Kara Kadans söyleşi serisinde bu kez konuğum bir müzik yazarı. Şeyma Akgöz adı ile çok geç de olsa ilk kez, Kargalar söyleşisine hazırlanırken Nugo Sebil’in Kumadam projesine ilişkin yayımladığı röportajla karşılaştım. Bu öyle bir röportajdı ki, sadece müziği aracılığıyla tanıdığım birinin zihin dünyasında neler olduğunu daha iyi anlamama ve yaptığı müziği hangi sözlerle anlattığını önceden keşfetmeme çok yardımcı oldu.
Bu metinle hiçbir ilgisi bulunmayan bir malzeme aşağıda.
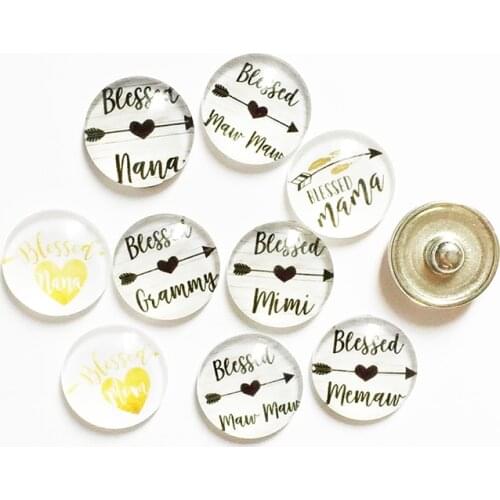 50PCS Mixed Ginger Snap Button Blessed Mama Nana Gigi Grandma Mimi For DIY 18MM Glass Button Snap Bracelet Necklace Jewelry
Bu, benim de söyleşilerle yaratmayı hedeflediğim bağ kurma girişimine çok benziyordu. Ardından, Şeyma’nın Voodoo Noise web sitesini karıştırmaya başladığımda içinde keşfedecek çok şey, arkasında önemli bir birikim ve tek kişinin altından kalkmasının zor olduğunu bildiğim kıymetli bir emek gördüm. 
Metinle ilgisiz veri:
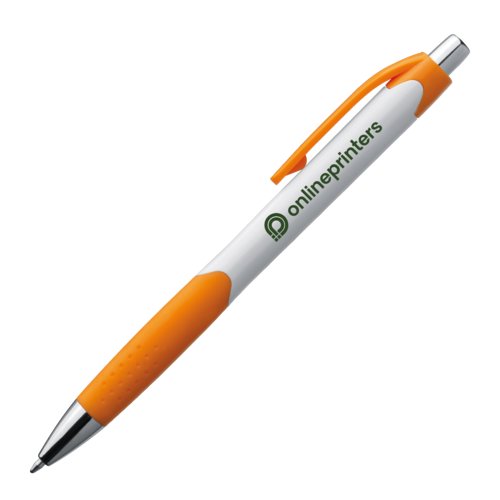 Bolgrafo de plstico naranja con clip y botn pulsador.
Şeyma Akgöz’e, müzik yazarlığı ve yayıncılık deneyimine dair bütün sorularımı içtenlikle yanıtladığı için buradan da bir kez daha teşekkür ederim. Söyleşiyi okuduktan sonra www.voodoonoise.com web sitesini ziyaret etmeyi ve Instagram’da voodoonoiseofficial profilini takip etmeyi unutmayın. Hadi, başlayalım!
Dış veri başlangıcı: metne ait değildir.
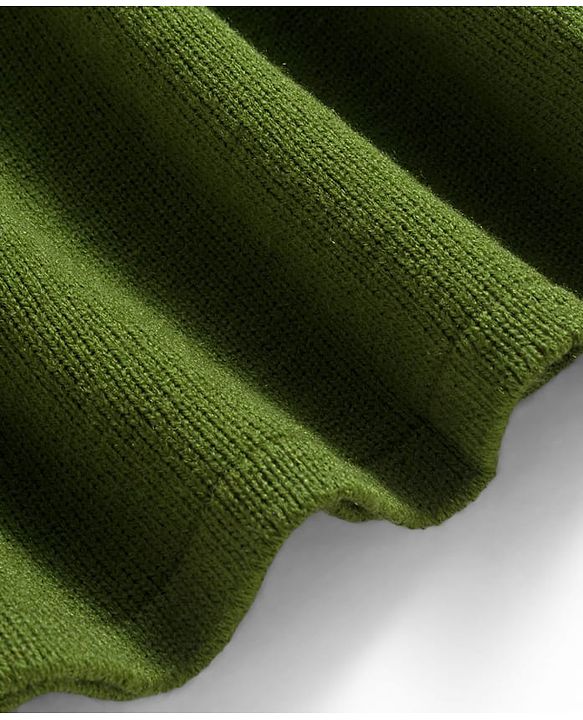 Pine Kids Knitted Full Sleeves Solid Woollen Dress - Olive Green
“İçerisinde müzik röportajlarının, haberlerin, sanat ve doğa yazılarının yer aldığı aktüel bir web sitesi” olarak tanımladığın Voodoo Noise’u Ağustos 2024’te kurdun. İçinde stoner, black ve doom metal, post-punk, darkwave ve pek çok alternatif müzik türünden haberlere ve söyleşilere yer verdiğin bu müzik sitesini kurmaya seni ne motive etti? Ağırlık metal ve rock türlerinde olduğundan, seni bu türlerde yayıncılık yapmaya yönelten belirli bir an veya etki oldu mu?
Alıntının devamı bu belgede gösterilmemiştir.